If you have not discovered The News User Manual as a media and news literacy resource for 21st Century digital kids and yes, even for their parents, do check out the website.
Started by two seasoned broadcast journalists, Jim Kane and Rich Nagle, The News User Manual features ongoing podcast conversations (sometimes we call them casts) that encourage individuals to ask questions, think about, evaluate, gain an understanding of, and develop personal news curating skills. The News User Manual’s mission encourages listeners to ask lots of questions about the news. In one cast they comment:
The thing to remember is to neither believe nor disbelieve what you’re reading, hearing or watching online. Rather, ask yourself how, when, why and where it was reaching you.
How, when, why, and where — media literacy at it’s best!
Jim and Rich began producing the casts before the 2016 election — that is before the national conversation about fake news reached a frenzy. Readers of this blog already know that I am not especially thrilled with the term “fake news.”

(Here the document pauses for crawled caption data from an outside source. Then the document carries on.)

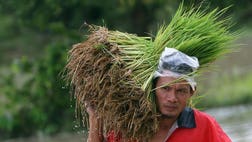 Thailand said Wednesday that it would slash the price paid to rice farmers under a controversial scheme that caused the kingdom to lose its place as the world's top exporter of the commodity last year.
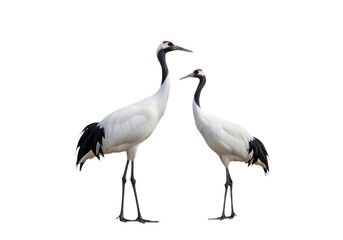 Obraz premium Pair of cranes on transparent background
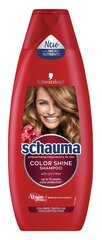Schaum Color Glanz Shampoo для окрашенных волос, 400 мл, 5 упаковочных наборов цена и информация | Шампуни | kaup24.ee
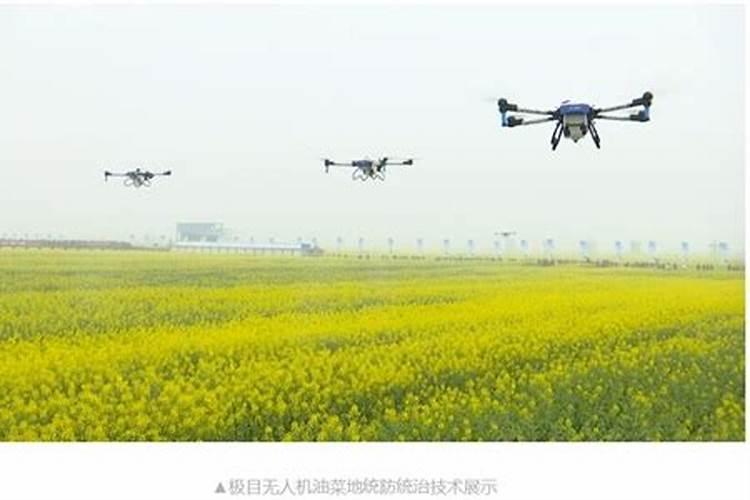 百香果多久下一次肥,施什么肥挂果多？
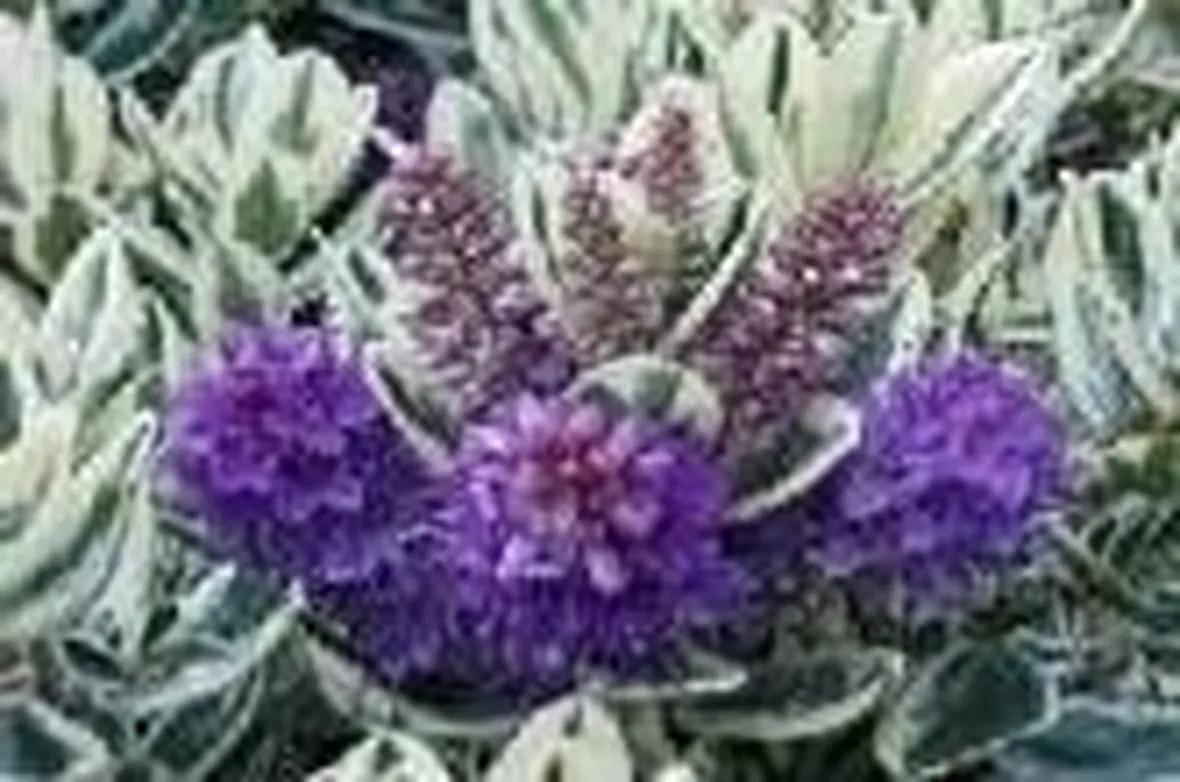 hebe in fiore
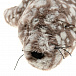 Игрушка мягконабивная Тюлень Jellycat | Фото 4
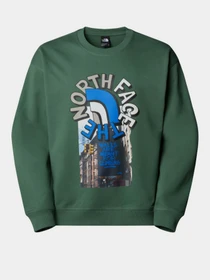 Худі та світшоти The North Face модель NF0A8C3UHCH1 Фото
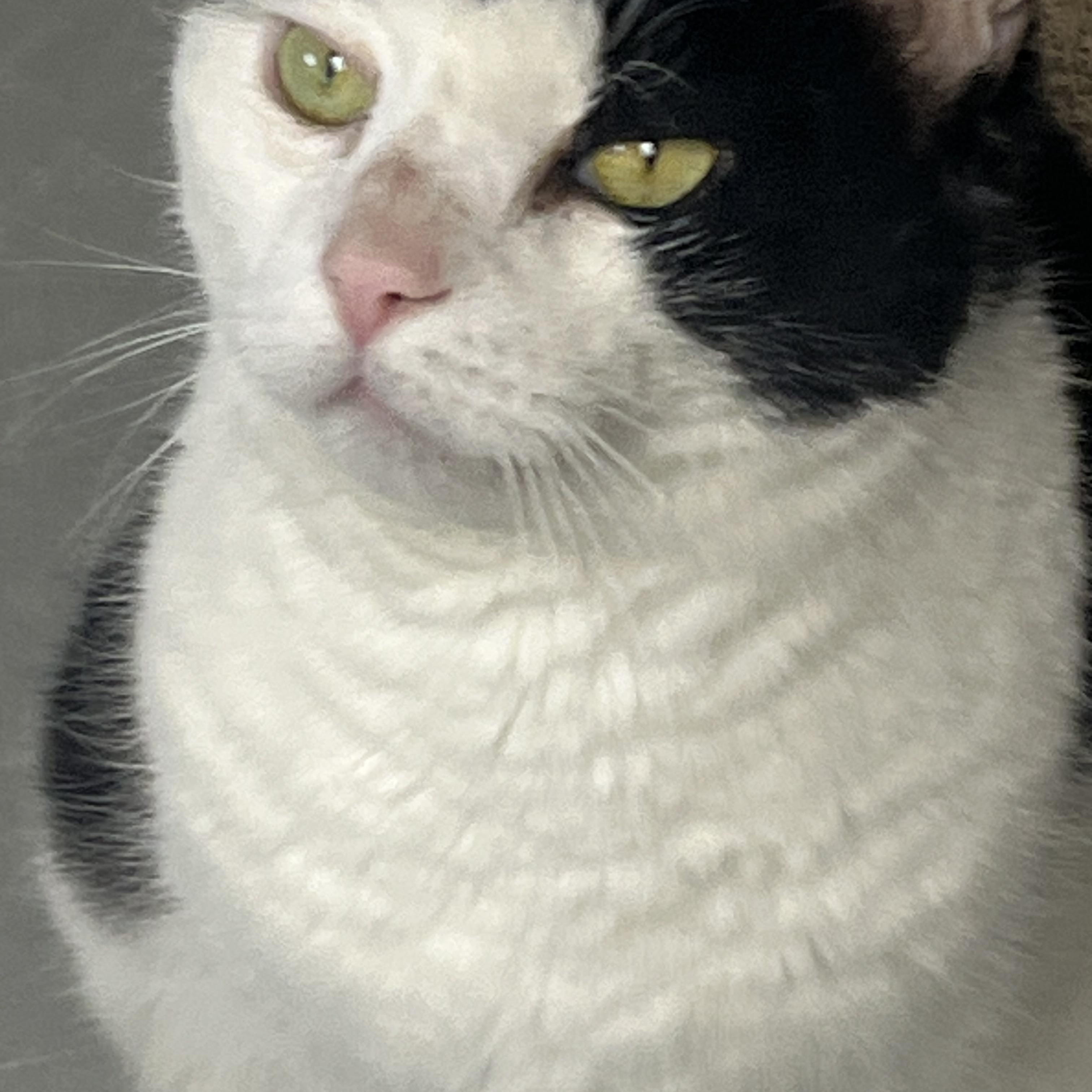 Enlarge Sashi, an adopted mixed breed in Mendham, NJ image 4/4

The News Users Manual series begins with a few podcast conversations that explain how news works and how our consumption of the news changes over time, especially with today’s digital and social media. The next several casts consider how reading the news with a sense of inquiry and questioning who, what, when, where, why — helps people process the news more productively. In subsequent episodes Jim and Rich explore how news affects the bubbles we live in (and how the bubbles affect our news), and lately the two journalists use their podcast conversations to describe how to deconstruct and analyze some of the current and controversial news stories.
My favorite podcasts so far?
- How to Unfake Your News — episode #5
- It’s OK to Take a News Break — episode #6
- New Year’s Resolutions — episode #11
By picking three I am by no means discounting the other podcasts because every single episode is a medialit lesson in itself.

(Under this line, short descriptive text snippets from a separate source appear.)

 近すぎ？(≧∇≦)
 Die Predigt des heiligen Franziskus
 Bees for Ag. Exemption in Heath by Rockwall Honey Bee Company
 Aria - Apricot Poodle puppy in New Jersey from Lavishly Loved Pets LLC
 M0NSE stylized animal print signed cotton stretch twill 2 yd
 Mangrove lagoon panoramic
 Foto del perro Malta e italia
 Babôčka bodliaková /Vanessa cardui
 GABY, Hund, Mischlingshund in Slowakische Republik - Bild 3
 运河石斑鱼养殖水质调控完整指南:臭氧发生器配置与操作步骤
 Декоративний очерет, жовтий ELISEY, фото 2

The two journalists also maintain a blog site where an especially worthwhile post — for all ages — is Be Your Own News Eater, er, um, Editor.
Every educator, administrator, and parent who is concerned about helping young people (and adults, too) understand more about news needs to find a prominent place to share The News User Manual podcasts within their educational communities. Billed as “A thinking-person’s guide to staying informed in the Internet Age,” the podcasts have the potential to migrate our conversations away from the shouting about fake news and toward a thoughtful consideration of the role of news and journalism in contemporary society and in our lives.